Test Automation and the Data Bottleneck

[Wikimedia]

Introduction

The topic of automation has been revamped in the financial industry following the recent hype on industrialization of IT and lean banking. The rationale of the idea is that there are tasks which are better taken care of by automatons than by humans. This kind of tasks are composed by actions which are executed iteratively, and the quality of their outcomes can be negatively affected by even the smallest operational mistake. An interesting proportion of tests belong to this category. Not all of them, of course, because human intellect can still excel in more creative testing endeavours, like exploratory testing, to give just an example. But other kinds of tests, like regression-tests, would make a very good candidate for automation. Practitioners and managers know all too well that a well-rounded battery of regression tests can indeed prevent defects from being introduced in a new release with demonstrable positive effects on quality. But they also know that manual regression testing is inefficient, error prone, and expensive. Therefore, awareness is raising on the necessity to pursue an increase in the degree of test automation. In this essay I will argue that, before thinking about tooling, solutions, and blueprints, there is a key success factor that must be addressed: avoidance of the data bottleneck. I will first explain what it is, and why it can jeopardize even the most promising automation exercise. After that, I will introduce an architecture which can tackle this issue, and I will show that this approach will bring additional advantages along the way. I will now start the exposition introducing the topic of the data bottleneck.

The Data Bottleneck
If we make an abstraction exercise, we can see testing as a finite state automaton. We start from a state {s₁} and after executing a test case TC₁ we leave the system in state {s₂}. A test case is a transition in our conceptual finite state diagram.

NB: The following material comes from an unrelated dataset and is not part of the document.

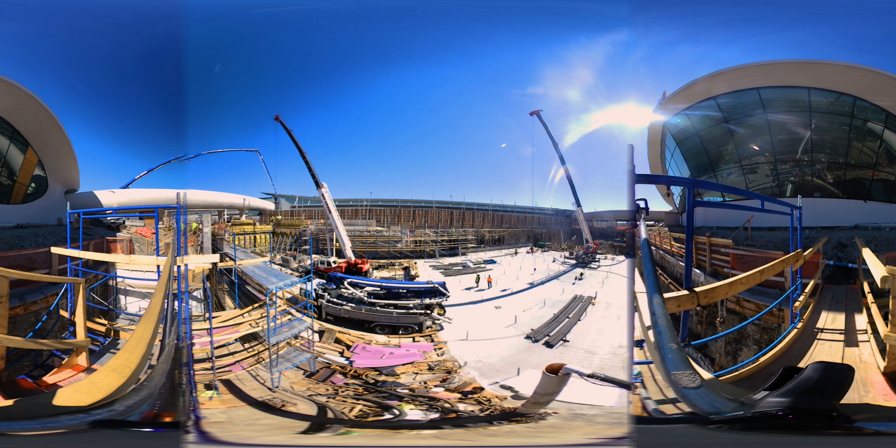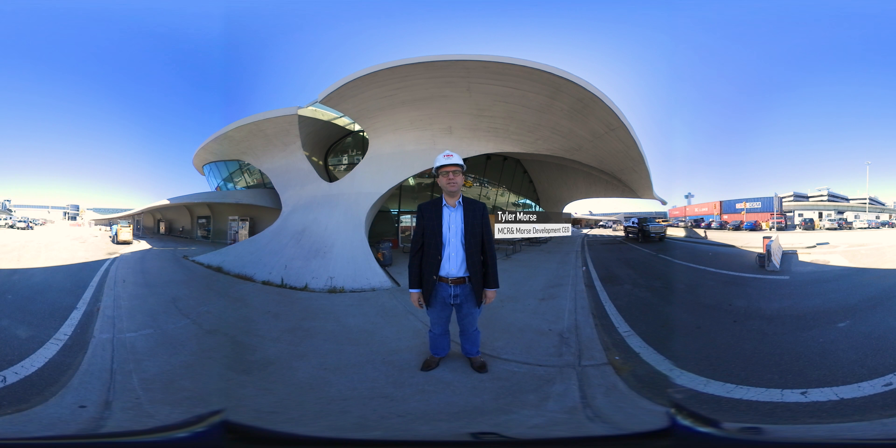We are here today at the TWA Flight Center out at JFK Airport. We're thrilled to be here today as we're bringing back Eero Saarinen's masterpiece, this incredible icon of mid-century modern architecture, and we are restoring the building to exactly how it was in 1962.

In order to be able to execute a test case, the initial state {s₁} must satisfy some pre-conditions. When the test case is executed, ending state {s₂} may or may not satisfy the post conditions. In the former case we say that the test case has succeeded; in the latter case we say that it has failed. Now, what does this have to do with automation? An example will clarify it. Let us consider the case of a credit request submitted by a client of a certain kind (e.g. private client, female). The pre-conditions of the test case require that no open credit request can exist for a given client when a new request is submitted. From the diagram above we see that there is no transition between states {s₂} and {s₁}. What does it mean? It means that business workflows are not engineered to be reversible. If the test case creates a credit request and it fails, there is no way to execute it again, because no new business case can be created in the application for this client, until the open request is cancelled. Now, there are cases in which the application can actually execute actions which recover a previous state. But in the majority of cases, this is not possible. In banking, logical data deletion is used instead of physical deletion. Actions are saved in history tables recording a timestamp and the identity of the user, for future reference by auditors. In cases like this, the initial state of a test case cannot be automatically recovered. Sometimes, not even manually. What one would need, is a full database recovery to an initial state where all test cases can be re-executed. This is the only way; other approaches to data recovery are not viable because of the way applications are designed and of applicable legislation.
Above we have seen that data recovery is a key pre-condition for automation. Now we will see why legacy environments are oftentimes an impediment to tackling this issue efficiently. Oftentimes, business data of a financial institution is stored in a mainframe database. And when it is not in a mainframe, the odds are, it is in an enterprise-class database, such as Oracle. What do an Oracle database on Unix/Linux, and a DB2 on a mainframe have in common? Technology-wise very little. Cost-wise, a lot: neither one comes for cheap. The practical implication is that database environments made available for testing are only a few, and they must be shared among testing teams. This makes it impracticable to make available automatic database recovery procedures, because of the synchronization and coordination required. What happens in reality is that test engineers have to carefully prepare their test data, hoping that no interference from their colleagues will affect their test plan. And what is worst, after they are finished with their tests, the data is no longer in a condition suitable for re-execution of the same battery of test cases. Another round of manual data preparation is required.
One may wonder if it is indeed impossible to reduce the degree of manual activity involved. The point is that so long as access to databases is mediated by applications, and applications obey by the business workflow rules (and applicable legislation), recoverability of data is not an option. Are we indeed stuck? Isn’t it possible to achieve automatic data recovery without breaking the secure data access architecture? My contention is that there is indeed a viable solution to this problem. The solution is outlined in the following section.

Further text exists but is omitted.